SOUTH BURLINGTON — Beta Technologies is willing to slash the number of parking spaces in the first stage of its planned expansion at Burlington International Airport in order to comply with South Burlington’s zoning regulations, officials from the electric aviation company told the city’s development review board Monday night.
Beta’s proposal, which would cut parking from 317 spaces to about 40, could clear the runway for the development review board to issue permits for the project.
“That makes the whole parking discussion a non-issue, correct?” board member Frank Kochman asked after Beta officials described the plan.
“That would be our view as well,” Beta team member Art Klugo replied.
Monday’s meeting followed an unusual decision from the development review board last month to reopen Beta’s application for a proposed 40-acre campus off Route 2, after members had granted the campus’ master plan conditional approval.
The board declined to offer Beta an exemption relating to a portion of the city’s zoning code that bars new buildings from having parking lots at the front of a property. As a result, the burgeoning Vermont employer had threatened to pull out of the project.
At the meeting, board members did not decide whether to approve a revised plan for the project — including the reduced parking — that Beta sent to city officials earlier this month. But a decision on the issue could be published within a week, Marla Keene, South Burlington’s development review planner, said in an interview afterward.
The board voted to close the hearing on Beta’s application after several local residents spoke in favor of the project.
Removing parking spaces was one of four options Beta presented to city officials in early April. The others included approving the company’s original parking configuration; waiving requirements about the lot’s location relative to the building; or adjusting the construction schedule for a new building located between the previously proposed parking lot and Route 2, also called Williston Road.
Construction of that building would bring the original parking proposal into compliance with city regulations, as it would shield the lot from the street.
But at Monday’s meeting, Klugo said Beta was pushing for the reduced parking option because the company felt it was the quickest way to garner the board’s approval and obtain the necessary permits to move ahead with construction.
“Time is of the essence,” Klugo said. “It is the most important thing for this project.”
By removing most of its proposed parking, Beta would leave only the spaces that it has determined would comply with city zoning regulations.
Klugo said the company also has an agreement with the airport to use additional existing parking there, and would use an electric shuttle bus to bring employees to its new facilities from the airport parking.

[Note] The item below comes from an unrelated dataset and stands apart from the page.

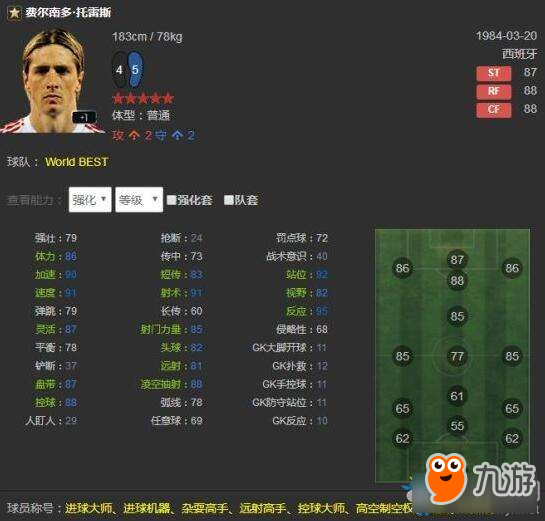 《FIFAOL》WB卡主流球員評(píng)測(cè)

According to documents shared during Monday’s meeting, Nic Longo, acting director of aviation for Burlington International Airport, wrote to Beta’s chief operating officer Blain Newton earlier this month stating the airport could make about 200 surface parking lot spaces available for the company’s use, with the option to use space on the fifth level of the airport parking garage if needed.
South Burlington’s development review board received more than a dozen emails this month after it declined to offer an exemption for the parking issue, nearly all of which urged members to let Beta move forward with its project as originally planned, the documents showed.
Among them was a message from John Wilking and Michael Keller, co-chairs of the South Burlington Business Association, who said the project would have a “vital” economic impact on South Burlington and the state.
“We urge the (board) to work with Beta management and do whatever is reasonably necessary to grant Beta the permits it needs,” the co-chairs wrote.
Even if the board approves permits for Beta’s new campus, the parking debate could be rendered moot if provisions under consideration in Montpelier are passed into law. Last week, the state Senate advanced legislation that would prevent municipalities from enforcing parking rules next to an airport owned and operated by a municipality (as the city of Burlington does in the case of Burlington International).
Senators tacked the proposed change onto their version of the state’s annual transportation budget on Friday. It still needs to be approved by the House, which passed a different version of the bill, before it heads to Gov. Phil Scott for approval.
The amendment, which was introduced by South Burlington City Councilor and Senator Thomas Chittenden, D-Chittenden, responded to calls from Scott and other elected officials to accommodate Beta’s request.
Scott urged state legislators to help Beta proceed with its plan last month, echoing the company’s claim that it could move to Plattsburgh, New York, unless the parking requirement was waived.
“I just can’t let that happen. We can’t let that happen,” Scott said at a March 29 press conference.
If it left Vermont, Beta would likely lose about $2.8 million in state grants the Vermont Economic Progress Council conditionally awarded the company if it created a certain number of jobs in the state.
Yet those funds aren’t a major sum for the rapidly growing corporation. Last week, Beta announced its latest round of fundraising hauled in $375 million in investments — $7 million more than it raised during an initial round last year.
After the meeting Monday, South Burlington City Councilor Matt Cota said that he was “pretty confident” the development review board would support the new parking plan.
He called the project “a positive thing for the city, a positive thing for Beta and a positive thing for Vermont.”